Unfortunately, the apologists for the Roman Catholic Church continually fail to understand why they are perpetually condemned for the sexual abuse of children carried out by its priests. It is not the individual abusers that are the problem. It was and is, the continued prioritisation by the Roman Catholic Church of the Roman Catholic Church over and above all other considerations. Over and above children and over the evolved morals of the twenty-first century.

I have a great deal of sympathy for the paranoid priest. He is a man I can respect. I can relate to that paranoid priest. That is a man who knows he has a job to do and that he must do it in very fraught circumstances. He will examine the policies and procedures that govern his interaction with vulnerable people. He will do all to ensure that every ‘t’ is crossed and every ‘i’ is dotted in those polices and procedures. He will ensure his parishioners are aware of the policies and procedures and he will endeavour to be very public in his adherence. Ensuring the safety of all but also ensuring the education of all. Ensuring that a standard will be set that his successors will be obliged to meet.
Thing is though, that priest no matter how conscientious, still regards himself as having the right and the duty to keep the secrets of child abusers. That pernicious arrogance, that perverted morality, makes a mockery of any child protection policies and procedures. No one would trust their child with a child abuser, that’s obvious. But how many of us would trust our children with men who do not feel obliged to bring child abusers to earthly justice?

I do not think priests should be forced to break the Confessional Seal.
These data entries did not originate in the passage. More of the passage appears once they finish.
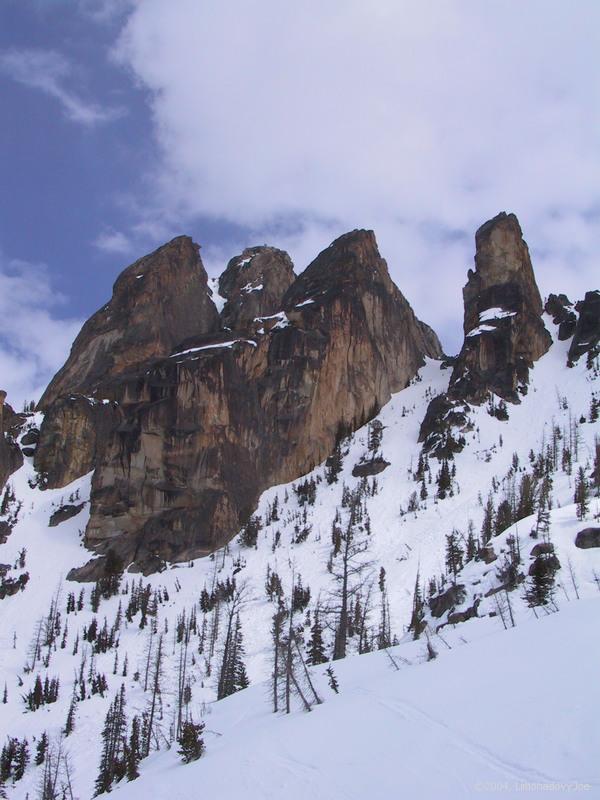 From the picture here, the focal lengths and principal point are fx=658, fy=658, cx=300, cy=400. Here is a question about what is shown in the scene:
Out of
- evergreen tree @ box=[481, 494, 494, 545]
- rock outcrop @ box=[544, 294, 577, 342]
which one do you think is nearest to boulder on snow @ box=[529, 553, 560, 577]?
evergreen tree @ box=[481, 494, 494, 545]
There are just too many people in this country who believe in the magical properties of Confession. Further, a frontal assault would just reinforce the culture of martyrhood the majority religion likes to don. We are left then, with the simple hope that this ‘perverse belief’ will in time, simply dissipate under the weight of its own ugliness.

Till then I mourn for all the children that secrecy condemns and has condemned to continued abuse and rape. I mourn for the good men who have had their sense of decency so perverted that they place a duty to their god above their duty to children. That is a wound no one has ever been made answer for.